My kids and I have recently enjoyed the show “Nailed It!” on Netflix, and when I saw that there was going to be a season of “Nailed It! Mexico,” I was excited to watch. I wasn’t sure what to expect–if we would have to read subtitles for the entire show (not a problem) or if it would be dubbed over in English (it is). What has surprised me the most is how much the contestants resemble people I might see in my neighborhood.
It is easy for someone who lives more than a thousand miles from the border with Mexico to make assumptions about the people who live in that country. (The same could be said of just about any country I haven’t actually visited, including Canada.) When there is constant talk of keeping “those people” out (who may or may not be from Mexico, I realize) or assumptions that “Mexicans” are all just farm laborers in our country, there’s a narrow perspective of what life is like in that country. What I see on “Nailed It! Mexico” are people with regular jobs and dreams, just like people here. They have families and live in cities and like to travel.
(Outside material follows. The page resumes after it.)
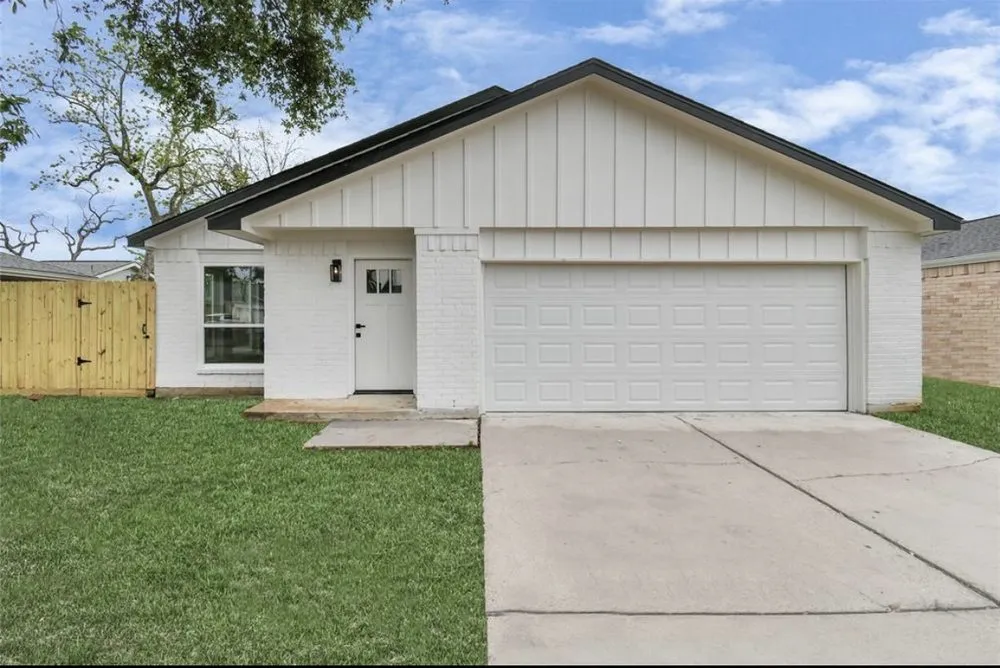 Slide of Space City Roofers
None of this should surprise me.
I’ve also realized that describing people from Mexico as “brown” isn’t accurate as a whole.
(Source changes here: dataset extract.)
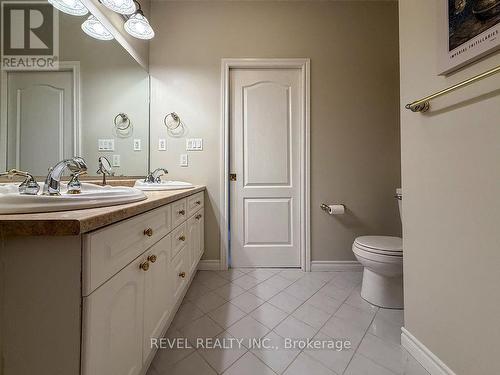 1075 Dalton Road, Timmins (Ts - Dalton), ON - Indoor Photo Showing Bathroom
I have so much work to do inside of myself.
—
Why am I telling you these things?
I’m not exactly sure. I’m certainly not comfortable confessing my sins of prejudice, bias and ignorance publicly, but I also know the power of saying things out loud and committing to change.
Maybe I just want you to know that it’s okay to not have perfect vision. That it’s okay to need “corrective lenses” when it comes to experiences and circumstances and issues that are affecting other people.
I know I can’t make you go to the eye doctor. I can’t make you put on corrective lenses. Not if you don’t want to.
At the very least, I just want you to consider that the way you see the world is not the same as the person nearest to you. And it definitely isn’t the same as the person furthest from you.
Learning about myself and how I see the world and how that’s different from how other people see the world has been an invaluable practice. It starts with me. The better I know myself, the more I can become a healthy person. That benefits everyone I come into contact with. And the more I’m willing to listen and understand others’ perspectives, the better, as well.
That’s the good news.
If there’s any bad news, it’s that it takes work and the best results occur with other people involved. Especially those with more experience or professional training.
That can be the hardest part. At least, it is for me. Exposing weaknesses, or what I see as weaknesses, to someone else is uncomfortable until I remember that we all have them in different ways. Maybe you aren’t on the verge of needing bifocals because your eyes are so terrible. Maybe you don’t have a need to be appreciated (that one was kind of ouchy for me). But you have something else about you that makes you who you are.
And none of it is bad or wrong.
It’s just you.
Maybe that’s actually the hardest part. Accepting who you are when you feel like who you are is somehow wrong or ugly or broken.
That’s not the point of any exam. Well, maybe a medical exam because something isn’t working the way it should be. But that’s the spirit behind the kinds of exams that explore your inner life, as well. It can be painful, at first, to “diagnose” yourself but if the goal is to function more fully and wholly, then the work is worth it.
Trust me, I know. And I’m still learning.